I recently, and for the first time, experienced an insurance company (with whom I have long experience) tell me that my premium depended, in part, on my credit score. I called to inquire into the basis for the connection between those two seemingly independent questions. The explanation tracked what I later found, where this appears:The logic behind using credit ratings, according to insurers, is that those who default on debt are more likely to make claims.”   Indeed, Liberty Mutual (not my insurer) candidly states this:While insurance scores predict insurance losses, credit scores predict credit delinquency. Both are calculated from information in a credit report ….”

I challenged the idea that my credit score, which is very good, was relevant to my insurance premium because the premium was to be paid in advance in order to obtain any insurance on my property. So credit and “delinquency” would appear to be irrelevant to what I should pay for protection against loss of personal property from external forces. The response from Travelers was essentially “that’s how we do it, so take or leave it.”

Remarkably, I believe, Liberty Mutual says this in its Q&A about the relationship between credit scores and insurance premiums: “I have an excellent credit rating; does this mean I qualify for the best insurance premium?
That depends. [my emphasis] Since insurance scores measure items related to insurance losses and credit scores measure creditworthiness, these scores may be very different. Items on a credit report considered by an insurance company may not be ones considered by a lender. Likewise, there may be items on a credit report used by a lender that are not relevant to an insurer. …. For your homeowner premium, insurers may consider prior loss history, construction type, distance to fire stations and fire hydrants, and presence of protective devices such as smoke detectors, theft alarms, and deadbolt locks. State laws and regulations also vary, so the factors insurers may use to calculate premium or determine eligibility may differ by state.”

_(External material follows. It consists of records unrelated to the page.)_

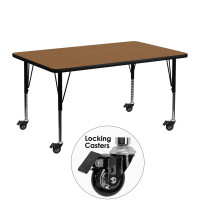 Flash Furniture XU-A2448-REC-OAK-T-P-CAS-GG Mobile Rectangular Activity Table Oak Thermal Laminate w/ Adjustable Pre-School Legs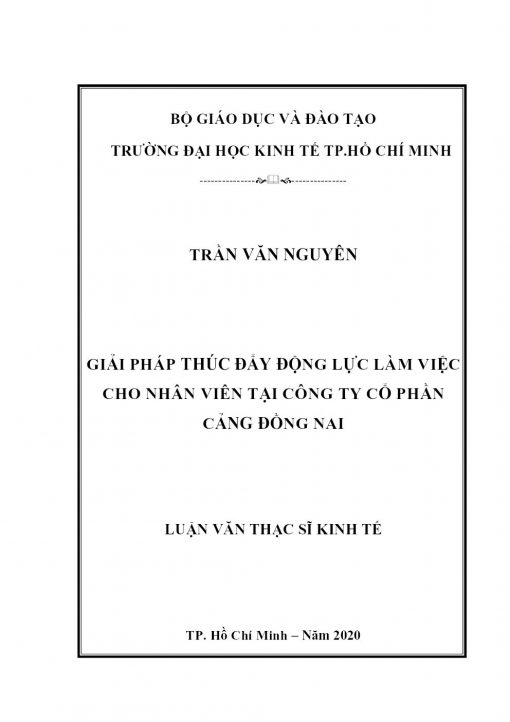 Giải Pháp Thúc Đẩy Động Lực Làm Việc Cho Nhân Viên Tại Công Ty Cổ Phần Cảng Đồng Nai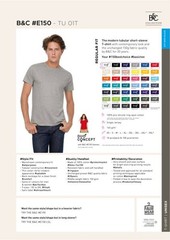 B&C Collection #E150 TU01T – Mens Plain Cotton T-Shirt Lightweight Straight (B)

What is missing from the answer is the explanation of why credit rating has anything real to do with the likelihood or size of a claim, which would seem to be the sole issue to be determined.

This may be a small part of a larger question related to the extent to which data about an individual is algorithmically evaluated to determine the commercial practices of firms performing essential services for large numbers of consumers. It is not beyond imagining that companies could, for example, be connecting low economic status with trustworthiness. I make so such claim about rental insurance companies. The key point is that If such data connections are being made, they should at least be made completely transparent upfront, so that consumers understand exactly what is going on and why. This is especially true when the correlations may be sound but causality is not proven. Transparency would enable shoppers in all areas to better assess their choices and would improve the competitive forces that lead good companies to treat their customers with respect.